See Our Stylesheets in Action

Everything you see on the portal—the branding, the layout, the typography, and the responsive design—is the direct result of our stylesheets. Our technical writers focus on creating structured content in DITA XML within the Heretto CCMS. When it’s time to publish, our stylesheets take that raw, semantic content and apply all the necessary formatting to create the polished HTML pages you see online. This process guarantees that every article, from a quick getting-started guide to in-depth API documentation, has a consistent look and feel. It’s how we ensure our content is always on-brand, easy to read, and professional, all without requiring our writers to spend a single minute on manual formatting.

Frequently Asked Questions

I'm used to styling documents in Word. How is using a stylesheet in DITA really different? The biggest difference is the separation of roles. When you use a program like Word, you are both the writer and the designer, spending a lot of time making sure the formatting looks right. In a DITA framework, the writer's job is to focus only on the content's meaning by applying semantic tags. The stylesheet then acts as the designer, automatically applying all the visual formatting during the publishing process. This frees your writers from manual styling and ensures every document is perfectly consistent.

Do I need to be a developer to create or edit our stylesheets? For the most part, yes. Creating stylesheets requires specialized knowledge of languages like XSLT and an understanding of the DITA Open Toolkit. It's not a skill most technical writers have or need to acquire. This is why most companies work with a consultant or a vendor's professional services team for the initial setup. Think of it as a one-time investment to build the engine that will format all your content automatically from then on.

We're planning a rebrand next year. Does that mean we have to redo all our documentation? Not at all, and this is where stylesheets become incredibly valuable. Since your content is completely separate from its presentation, you don't have to touch thousands of individual documents. Instead, you only need to update your stylesheet with the new logos, color palette, and fonts. Once that's done, you can republish your entire library, and every document will automatically reflect the new branding.
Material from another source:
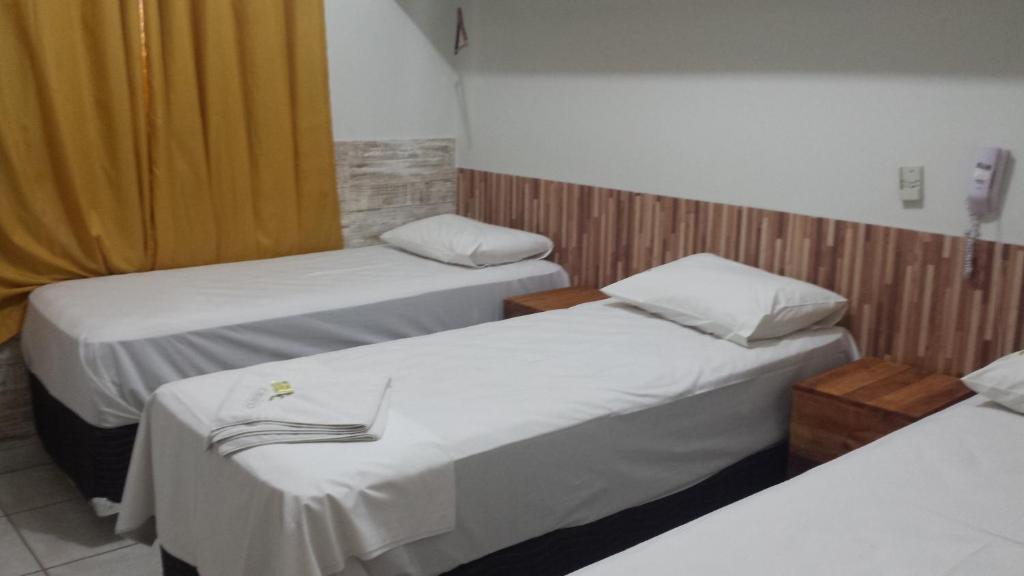 Hotel Cerrado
Can we use different stylesheets for different outputs, like a PDF and a website? Yes, this is a core function of stylesheets. You can have a unique stylesheet for every channel you publish to. For example, your PDF stylesheet can control page size, headers, and footers, while your website stylesheet can manage responsive design and interactive elements. This allows you to publish the same source content to many places, with each output perfectly optimized for its specific medium.

What's the first practical step my team should take to define our stylesheet requirements? A great first step is to gather examples of what you want your final documents to look like. Find PDFs, websites, or other materials that have the branding, layout, and typography you're aiming for. Compiling these examples into a simple requirements document gives a stylesheet developer a clear visual target to work toward and makes the entire process much smoother.

Key Takeaways

  • Let writers focus on writing, not formatting: Stylesheets automate all visual styling, freeing your team from manual tasks that can consume up to half their time. This allows them to concentrate on creating high-quality, accurate content instead of worrying about its appearance.
  • Guarantee brand consistency and publish faster: Using stylesheets ensures your brand's visual identity is applied correctly every time, which helps you publish content up to 60% faster. This consistency builds user trust and eliminates the tedious work of manual formatting corrections.
  • Deliver content anywhere from a single source: Stylesheets make it possible to publish the same structured content to a PDF, a website, or an in-app widget without reformatting. You simply apply a different stylesheet for each output, ensuring a perfect user experience everywhere.